Representativity adimensional index DI of RD and LRD.
The recording of air pollution concentration values involves the measurement of a large volume of data. Generally, automatic selectors and explicators are provided by statistics. The use of the Representative Day allows the compilation of large amounts of data in a compact format that will supply meaningful information on the whole data set. The Representative Day (RD) is a real day that best represents (in the meaning of the least squares technique) the set of daily trends of the considered time series. The Least Representative Day (LRD), on the contrary, it is a real day that worst represents (in the meaning of the least squares technique) the set of daily trends of the same time series. The identification of RD and LRD can prove to be a very important tool for identifying both anomalous and standard behaviors of pollutants within the selected period and establishing measures of prevention, limitation and control. Two application examples, in two different areas, are presented related to meteorological and SO2 and O3 concentration data sets.
- air pollution
- daily trends
- data set
- temporal series
- air pollution management
- representative day
In recent years, environmental management and a suitable development have assumed great importance [1, 2]. Air quality management and protection presuppose knowledge of the state of the environment. Such knowledge involves a properly cognitive and interpretative ability.

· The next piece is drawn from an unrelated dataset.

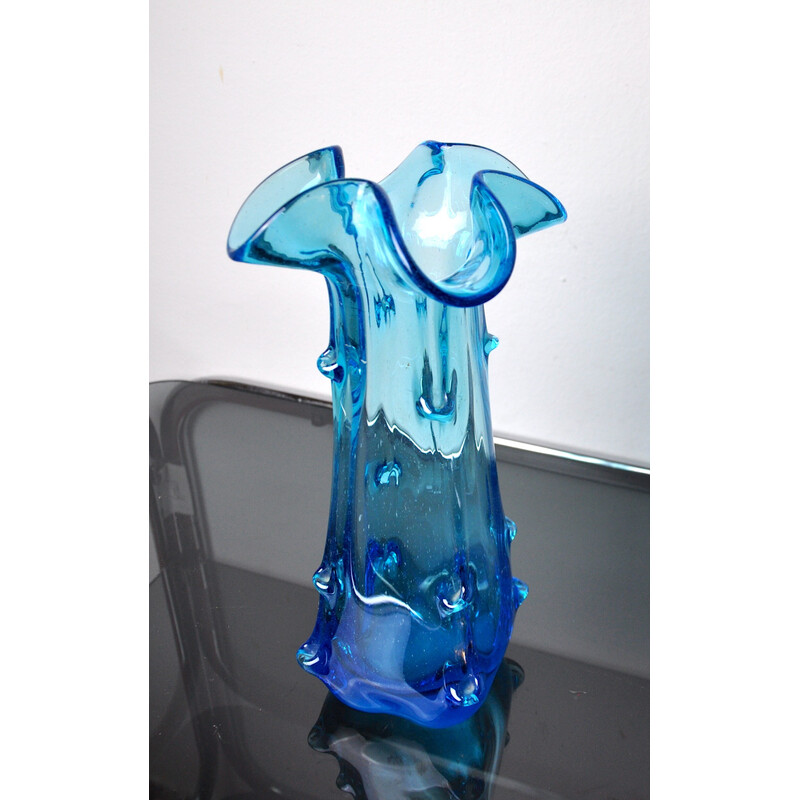 Jarrón vintage de cristal de Murano azul, Italia 1970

Local or regional air pollution control is usually achieved through air quality monitoring networks. These networks are a useful tool for the protection of human health and the environment, and allow both to evaluate the benefit of remediation actions and to prepare specific interventions in case of exceeding the threshold levels considered dangerous. For economic and managerial reasons, the number of measuring points in a network is limited and, especially if their arrangement has not been carefully studied, the detection units risk being unrepresentative of the entire territory that is to be monitored. In this regard, the mathematical models that simulate the transport and diffusion of pollutants in the atmosphere constitute a valid integration to the measurements, allowing to have estimates of concentrations over the entire territory for which it is interesting to know the evolution of concentrations. Once the good quality of the answers provided by a model has been ascertained, it allows us to trace the contribution of the different sources to the overall pollution, and therefore to correctly address any actions to limit emissions. Furthermore, only with the models is it possible to make forecasts or simulate concentration scenarios in connection with emission limitation policies as part of the preparation of recovery plans. The analyzers network, together with the inventory of emissions sources, is of fundamental importance for the construction of the cognitive framework, but not the interpretive one. In reality, air quality control requires an instrument interpretative capable of extrapolating in space and time the values measured in the of the analyzers, while the improvement of the air quality can be obtained only with plans that reduce emissions and then with instruments (such as the air pollution mathematical model) capable of linking the cause (source) of pollution with the effect (the concentration of the pollutant) .
The introduction of mathematical modeling produces a qualitative leap in the management of atmospheric pollution compared to that possible through measurements alone, because the models allow functions that are not accessible to the latter .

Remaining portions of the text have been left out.